Technology can make life easier, but researchers are most interested in the hundreds of ways technology can improve energy efficiency.
For example, when the sun begins to overheat a room, the warmth might trigger a mechanism to draw the drapes, Severino said. Or, if a room is cold, the house might open the drapes to allow sun in.
Specially designed light fixtures also improve efficiency by using reflectors to “harvest” daylight, Severino said. Such fixtures might face a window and then reflect light into a darker area of the building.
“That already has a lot of benefits for commercial buildings because they’re larger. But it’s starting to happen in residences, too,” she said.

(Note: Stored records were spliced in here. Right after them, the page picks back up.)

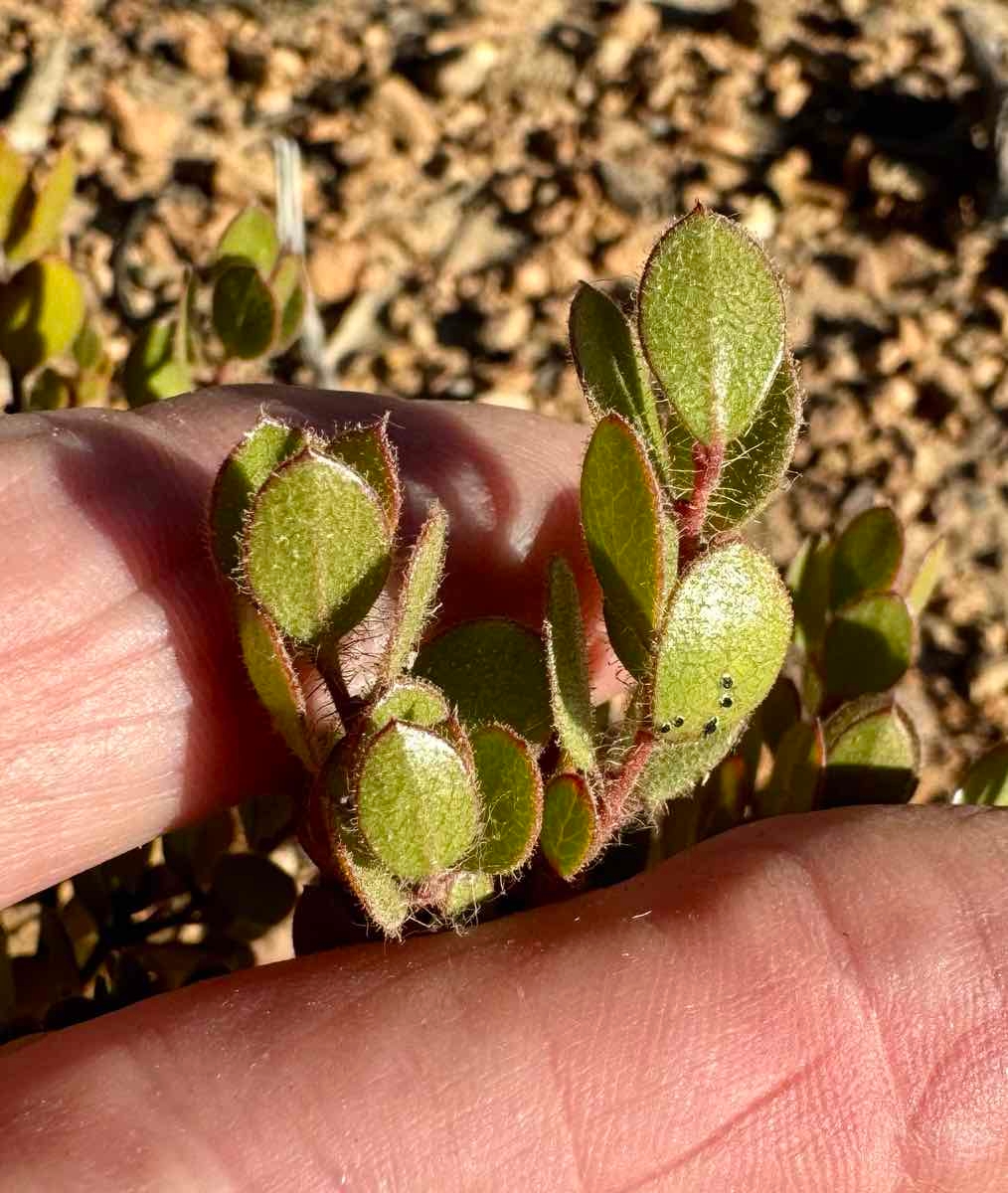 Arctostaphylos myrtifolia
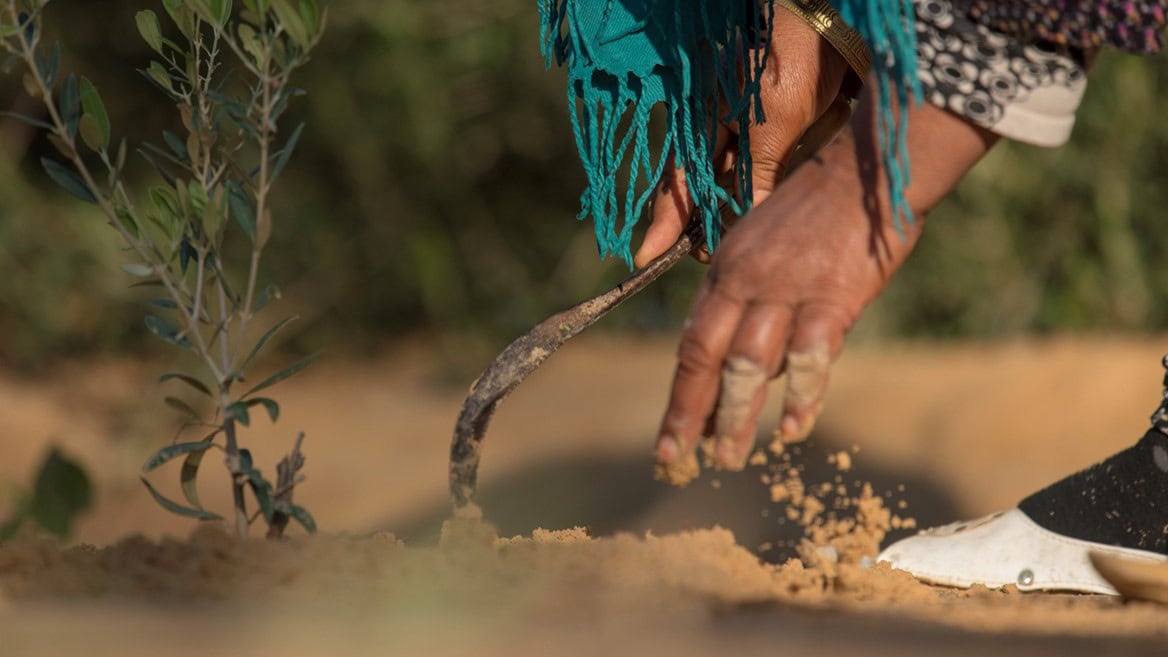 CNH и Oxfam реализуют социальный проект в Тунисе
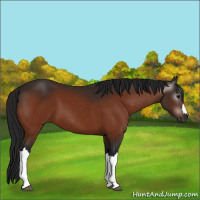Horse Color:Gray Bay
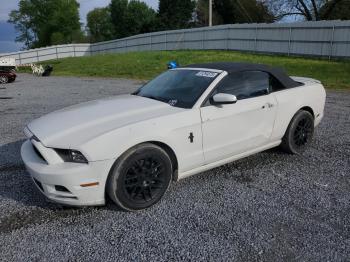  Salvage Ford Mustang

Experts expect that many technologies currently being used by businesses soon will be mainstream in residential construction, too, including products from Delaware-based companies Dupont and W.L. Gore & Associates.
Dupont recently launched a roll-on Tyvek product that creates a rubbery “building envelope,” providing commercial buildings with greater weatherization. This product is expected to be used in homebuilding in the near future, said spokeswoman Patty Seif.
Gore produces vents that enable electronics to be sealed in waterproof enclosures so they can be used outside, said product specialist Jason Zambotti. This kind of technology allows electronic devices to be used in different ways — for fun and for energy conservation.
One such device is the “smart meter.” Delmarva Power is now installing thousands of smart meters in homes and businesses statewide, which allow the company to gather more detailed information about energy use, according to the company’s website.
“These meters will talk back to the company to let them know there’s a problem,” Zambotti said. “In the future, appliances will talk directly to the smart meters, so your washing machine… would turn on automatically at 2 o’clock in the morning when power is cheapest.”
The design of the house of the future will be dramatically different, experts say, for energy conservation, demographic shifts, economic changes, and a range of other reasons.
Simple design changes that don’t rely on technology can dramatically improve a home’s efficiency, said Robert Dunay, faculty adviser to Virginia Tech’s Lumenhaus, a solar house built as part of a larger research program.
For example, just by designing houses to be south facing and maximize natural ventilation, they would use approximately 20 percent less energy. The drive to conserve energy also will result in significantly smaller homes, Dunay said.
Houses will be smaller, not just to conserve energy, but also because they’ll have to be: We’ll have more people in smaller areas, said Joseph Wheeler, Lumenhaus’ lead project coordinator.
“Current population trends show that by the year 2050 there’s going to be a drastic rise in population in the cities,” Wheeler said. “With higher energy costs and more jobs being around the city… there’s going to be a migration and a need for more housing there.”
The aging of our population also will affect home design, Severino said. Although not yet mainstream, the concept of “universal design” is gaining momentum.
Universal design means that all buildings are designed to be 100 percent accessible to people with all kinds of disabilities, from wheelchairs to blindness. (A bill in Delaware’s General Assembly proposes encouraging universal design in residential buildings receiving public funding. The bill is currently in committee.)
That doesn’t necessarily mean homes would feature handicap bathrooms or lowered counters, Wheeler said.
“We build it in seamlessly. With clever design, it can be integrated into the plan. You wouldn’t notice a five foot circle (to allow a wheelchair to turn around),” Wheeler said. “It has to do with space planning, and our whole strategy is to build the small house that feels bigger than it actually is.”